For the data analysis I chose to work with the dataset \(\mathsf{vocabulary}\) from the library \(\mathsf{SMSdata}\):
library(SMSdata)
data(vocabulary)
I will work only with the first two covariates, \(\mathsf{Grade 8}\) and \(\mathsf{Grade 9}\):
X = vocabulary[,c(1,2)]
head(X)
## Grade 8 Grade 9
## 1 1.75 2.60
## 2 0.90 2.47
## 3 0.80 0.93
## 4 2.42 4.15
## 5 -1.31 -1.31
## 6 -1.56 1.67
summary(X)
## Grade 8 Grade 9
## Min. :-2.1900 Min. :-1.310
## 1st Qu.:-0.0525 1st Qu.: 1.113
## Median : 1.2300 Median : 2.455
## Mean : 1.1384 Mean : 2.542
## 3rd Qu.: 2.1825 3rd Qu.: 3.405
## Max. : 8.2600 Max. : 9.550
For checking normality of the data, we can take a look at the following 2D plot:
library(mixtools)
plot(X, pch = 21, bg = "lightblue", xlab = "Grade 8", ylab = "Grade 9", xlim = c(-5,8), ylim = c(-4,10))

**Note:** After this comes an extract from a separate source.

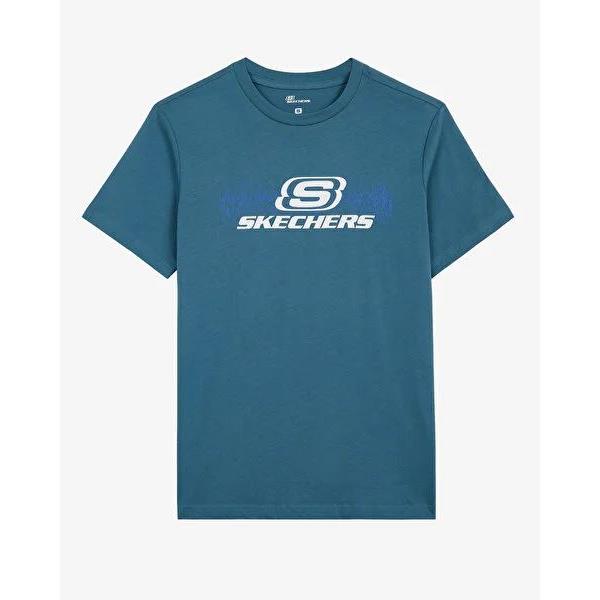 Skechers M Big Logo T-Shirt Erkek Lacivert Tshirt - Bisiklet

ellipse(mu = colMeans(X), sigma = cov(X), col = "red")
It seems quite alright, almost all points are located inside the ellipse. We can formulate the problem:
Consider iid random vector \(\mathbf{X}_1, \ldots, \mathbf{X}_n \sim \mathcal{N}_2(\mu, \Sigma)\), where \(\mathbf{X}_i = (X_{i1}, X_{i2})^T\). We have \[\begin{align*} (n-1)(\boldsymbol{\overline{X} - \mu})^T S^{-1} (\boldsymbol{\overline{X} - \mu}) \sim T^2(n-1,2), \end{align*}\] \(S\) stands for the sample variance matrix of \(X\).
Or it can be equivalently expressed as \[\begin{align*} \frac{n-2}{2} (\boldsymbol{\overline{X} - \mu})^T S^{-1}(\boldsymbol{\overline{X} - \mu}) \sim F_{2,n-2} \end{align*}\]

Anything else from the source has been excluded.